Zariqum or Zarriqum was a Sumerian governor (šakkanakkum; ) of the city of Assur under the Third Dynasty of Ur, attested there between the 44th year of Shulgi (c. 2050 BC) and the 5th year of Amar-Sin (c. 2041 BC).

He is the only governor of the city during this time, otherwise poorly known from surviving sources, to be known by name. Though he has also been suggested to have been an independent ruler, this is a minority view, as Assur is not generally regarded to have been independent before the time of Puzur-Ashur I, c. 2025 BC. Under Ur, Assur is generally believed to have formed the northernmost peripheral province. In the ruins of one of the city's temples, dedicated to the goddess Ishtar, an inscription by Zariqum states that he founded a new temple in the city, dedicated to the goddess Bēlat-ekallim (i.e. Ninegal), for the life of Amar-Sin, king of Ur.

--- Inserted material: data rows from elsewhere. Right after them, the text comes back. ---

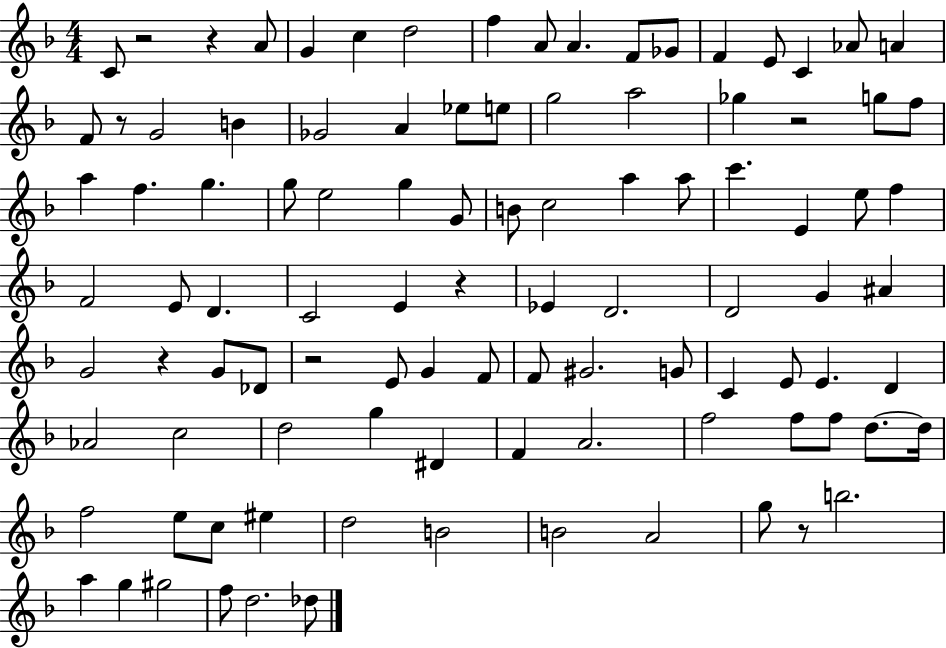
{
  \clef treble
  \numericTimeSignature
  \time 4/4
  \key f \major
  \repeat volta 2 { c'8 r2 r4 a'8 | g'4 c''4 d''2 | f''4 a'8 a'4. f'8 ges'8 | f'4 e'8 c'4 aes'8 a'4 | \break f'8 r8 g'2 b'4 | ges'2 a'4 ees''8 e''8 | g''2 a''2 | ges''4 r2 g''8 f''8 | \break a''4 f''4. g''4. | g''8 e''2 g''4 g'8 | b'8 c''2 a''4 a''8 | c'''4. e'4 e''8 f''4 | \break f'2 e'8 d'4. | c'2 e'4 r4 | ees'4 d'2. | d'2 g'4 ais'4 | \break g'2 r4 g'8 des'8 | r2 e'8 g'4 f'8 | f'8 gis'2. g'8 | c'4 e'8 e'4. d'4 | \break aes'2 c''2 | d''2 g''4 dis'4 | f'4 a'2. | f''2 f''8 f''8 d''8.~~ d''16 | \break f''2 e''8 c''8 eis''4 | d''2 b'2 | b'2 a'2 | g''8 r8 b''2. | \break a''4 g''4 gis''2 | f''8 d''2. des''8 | } \bar "|."
}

Zariqum was previously believed to have had a long and wide-spanning career, also having been a military officer and a governor of Susa in Elam, due to the name Zariqum also being attested for contemporary individuals with those positions. Since the Zariqum who governed Susa governed simultaneously with the time Zariqum is attested as the governor of Assur, they cannot be the same person and must instead simply have been contemporary individuals with the same name.